Is this the economist equivalent of the martingale strategy?

daily reminder:

The Nobel prize for economics is not a real nobel prize

You're right that it's not a prize created by Alfred Nobel, but the selection panel is the same.
Cynical shit-tier software developer who makes good money: Human civilization is the best example of a bubble
"It kind of fits in with the angst of this time in history"

If that's his best explanation of the BTC bubble, I find it lacking. He didn't really have any argument for why it's a bubble.

It's a real question that deserves real analysis. BTC offers real value, but of a kind that's really hard to measure.

1) The ability to keep your money safe (safer?) from your local (possibly corrupt) governments. 2) By one important measure, it's the safest crypto-currency because it's so widely used and accepted. It offers the largest markets so you can have confidence that you'll be able to sell your BTC, even if you have a lot of BTC.

But what are those things worth? What real value does BTC derive from them. Is it worth $2,000? $4,000? or $200? if it's real value is $4,000 or $2,000, it's absolutely not a bubble any more than the USD is in a bubble because it's used for trillions of dollars of daily transactions.
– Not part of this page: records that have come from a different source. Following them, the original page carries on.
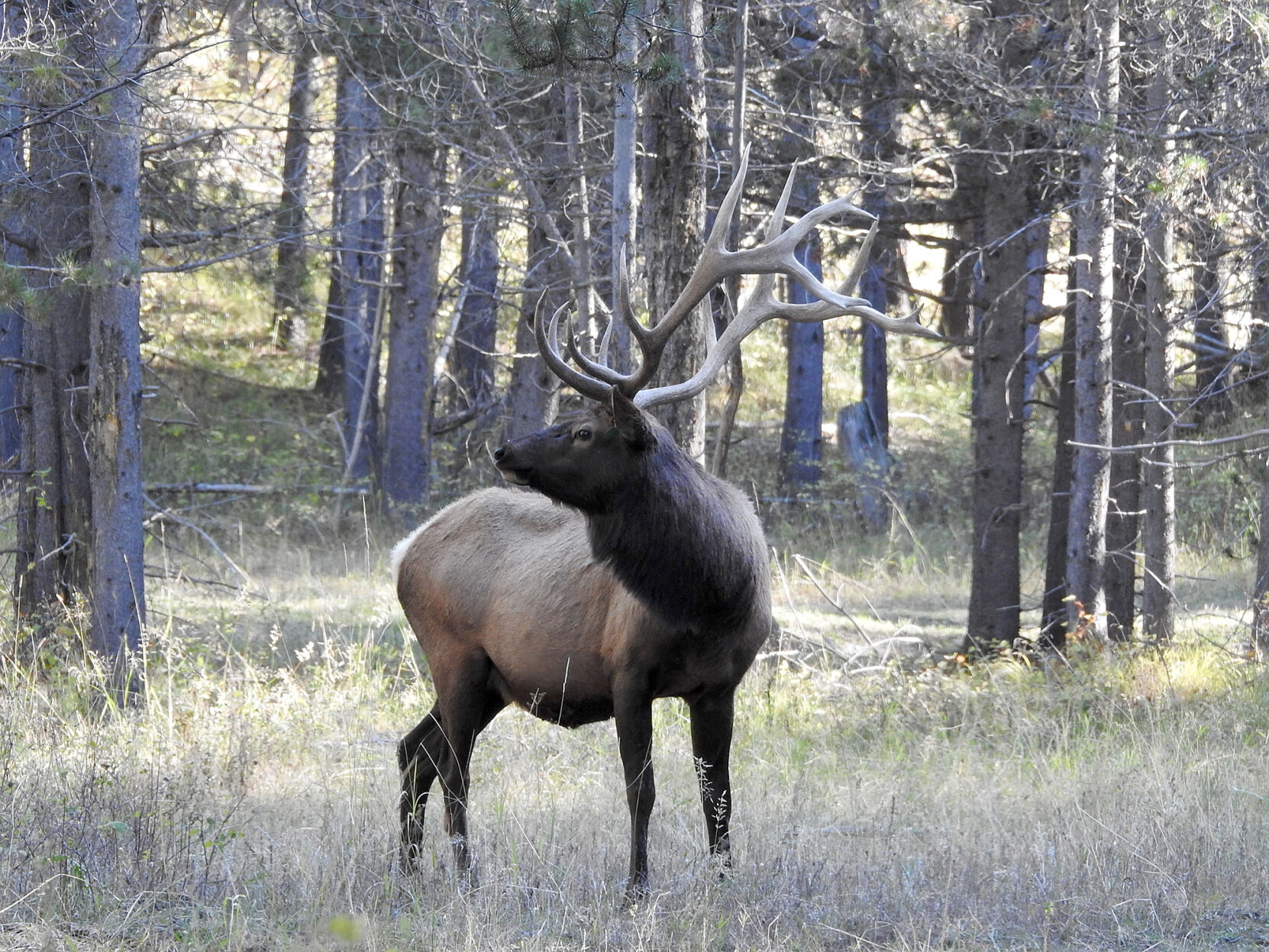 Elk bugle store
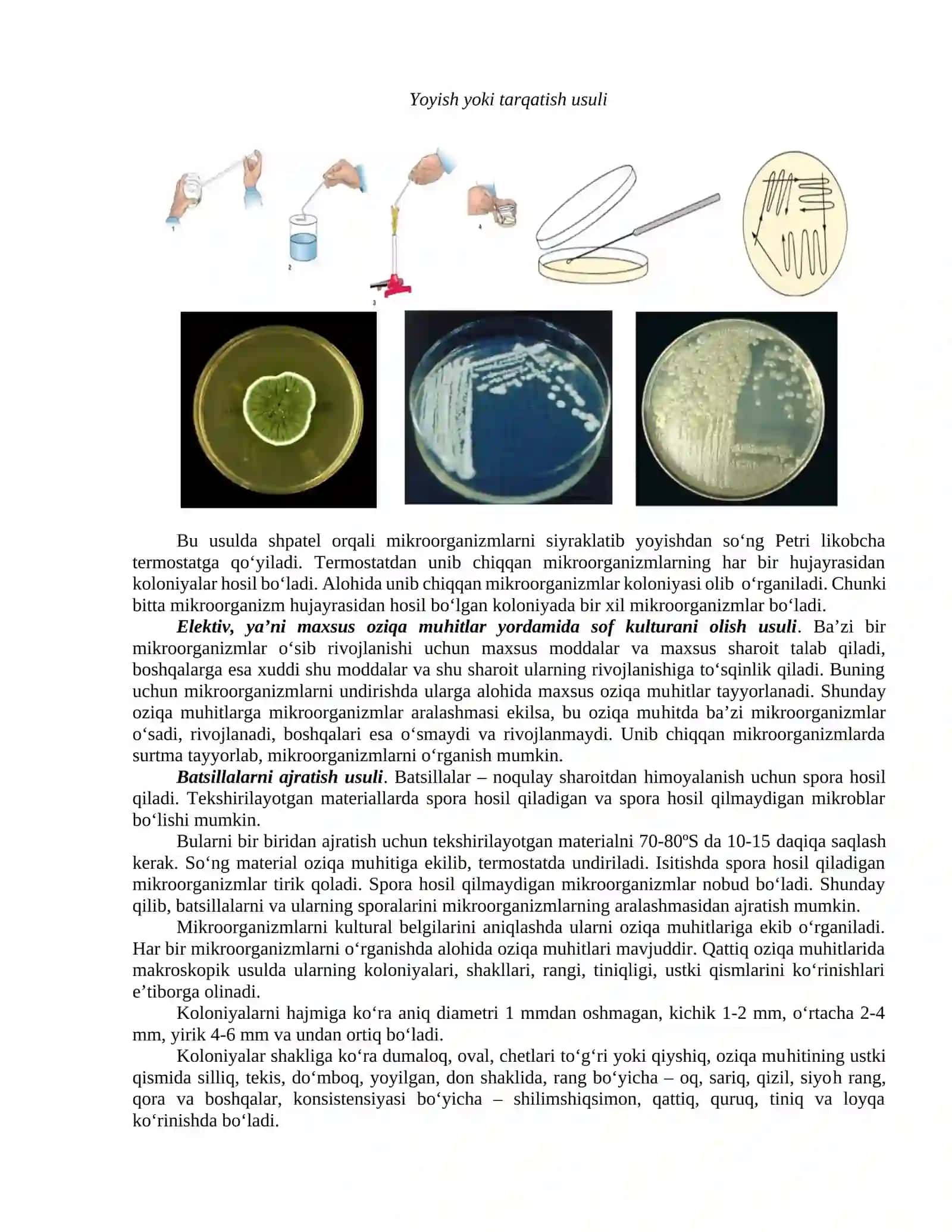 Mikroorganizmlarni ekish va sof kulturasini ajratib olish usullari 4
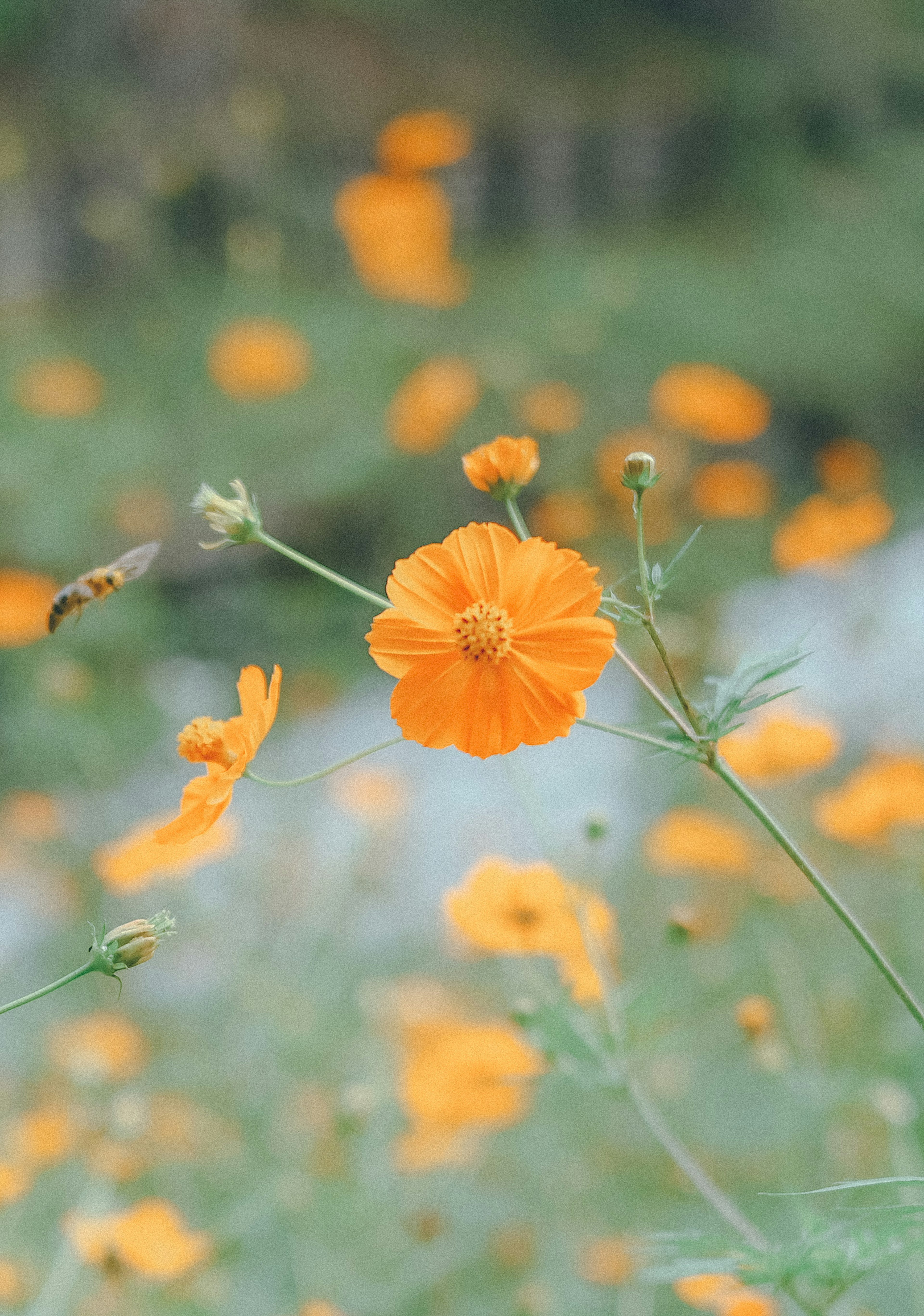 鮮やかなオレンジ色の花が咲いている風景の中で、一輪の花が際立っている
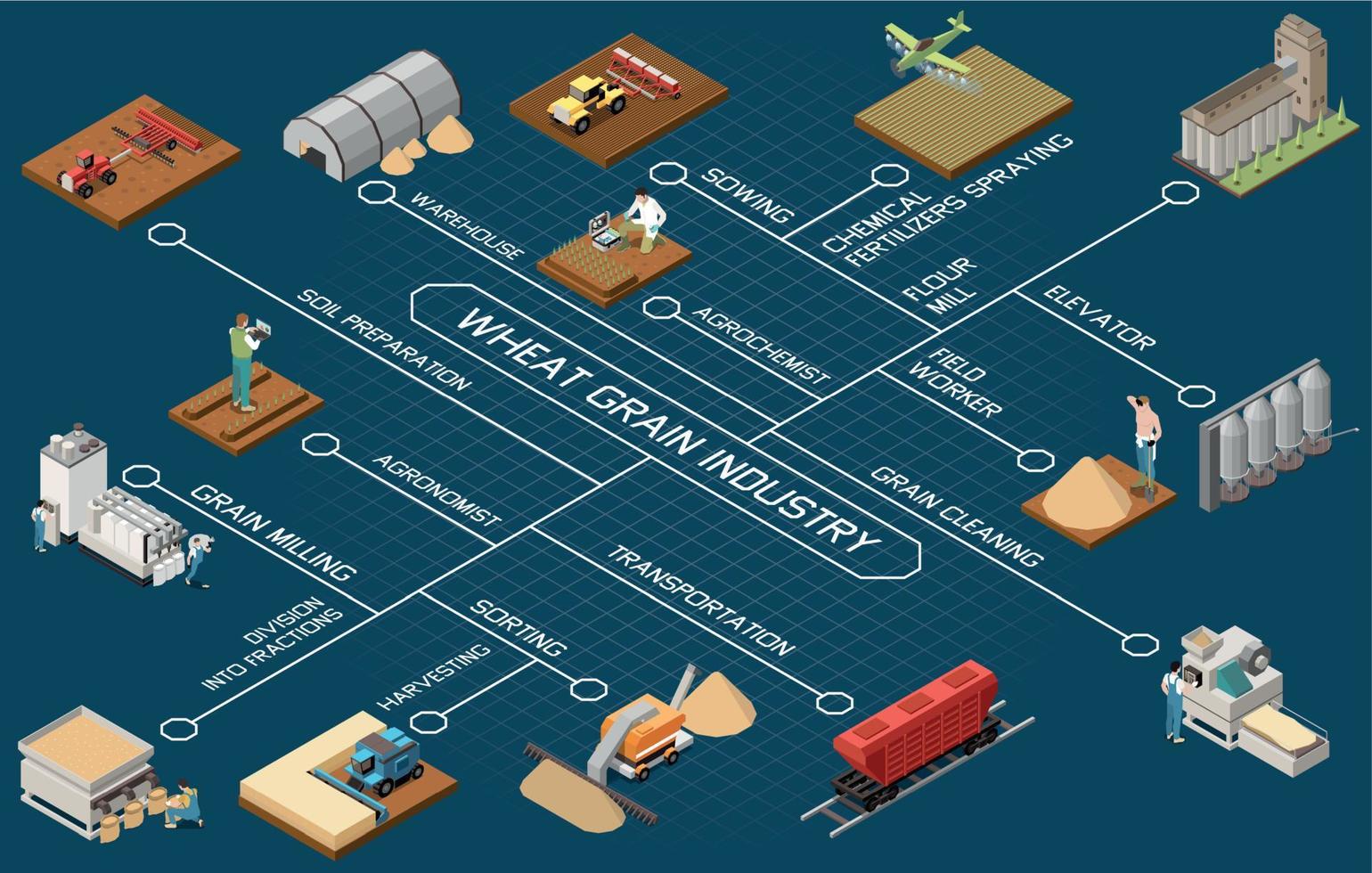 Grano grano industria isometrico diagramma di flusso vettore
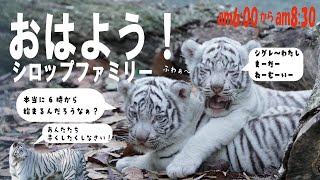 「１月１４日」「本当に朝6時に始まるのか？」おはようシロップファミリーライブ配信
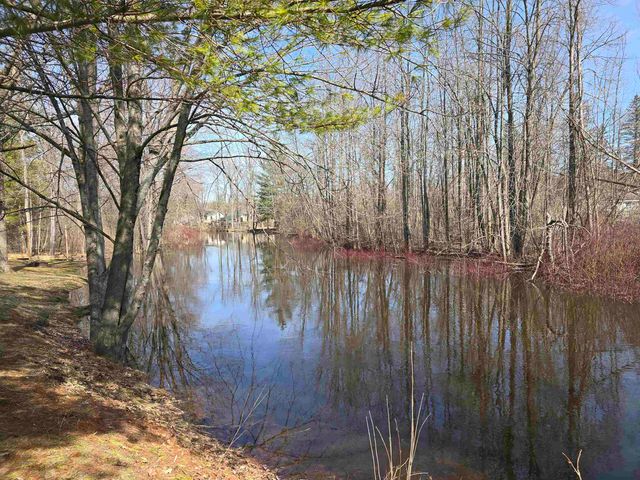 89 River Drive, Merritt, MI 49667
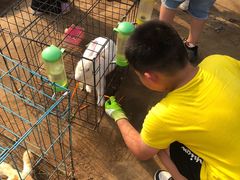 -前小桔亲子创意农场·草莓采摘·露营烧烤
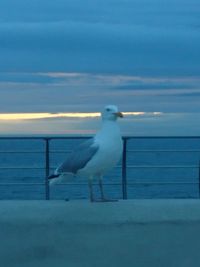 Seagull perching on railing against sea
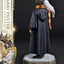 Harry Potter Prime Collectibles Statue 1/6 Harry Potter with Hedwig 28 cm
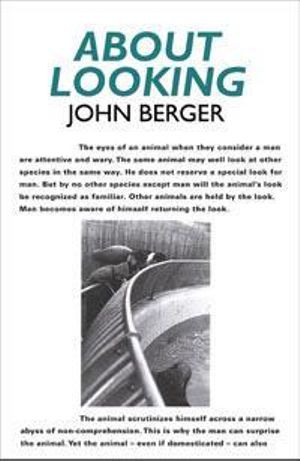 Cover of About Looking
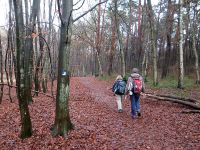 01_Im Hufwald bei Siegburg-Stallberg.JPG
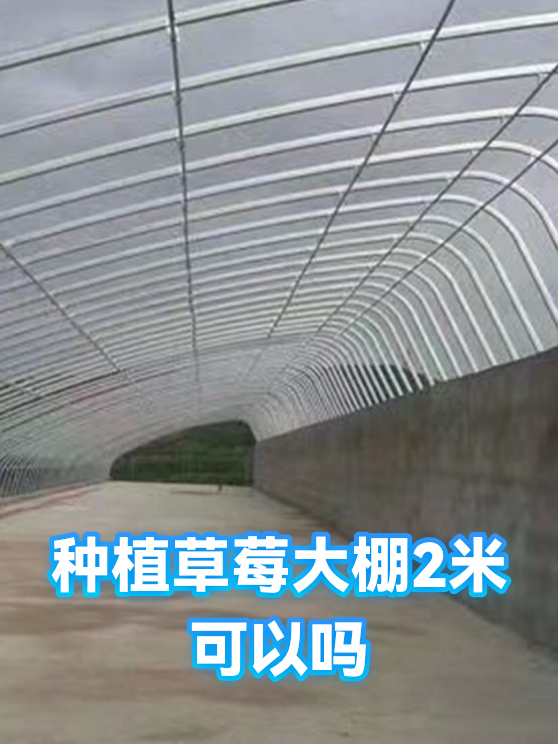 种植草莓大棚2米可以吗（图1）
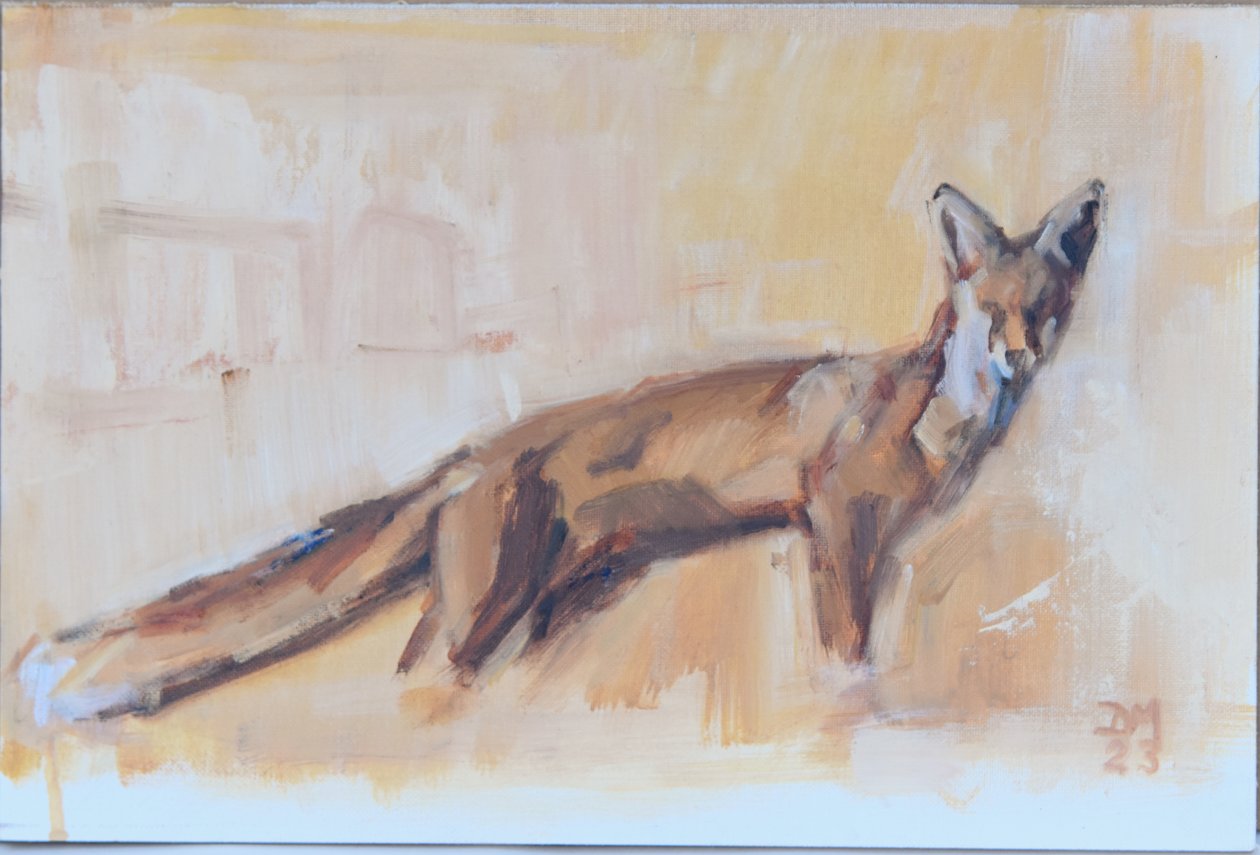 Renard rouge, 2022 - David Mayer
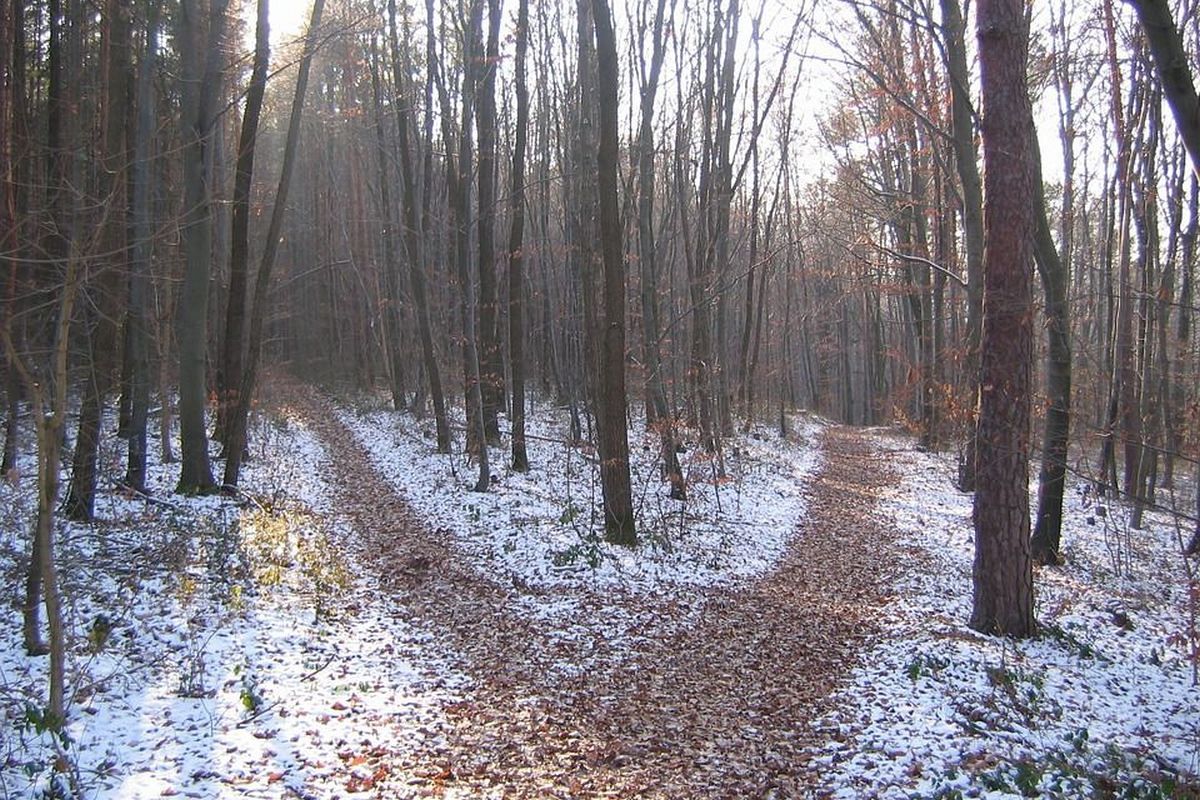 分かれ道の夢は何を暗示している?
BTC offers value many in the world want and need. What that value is actually worth is lost in circular arguments between the bubblists and BTC pumpers.

It wasn’t that long ago that we held rich people in contempt.

Funny, this goes against everything I've read on the topic about the US. For example, just this week I read Cleese's So, Anyway, where he mentioned how when he lived in the US, in the early 60s, he noted how money made you respectable, and regardless of how you made it, whereas in Britain it was taboo to talk about making money.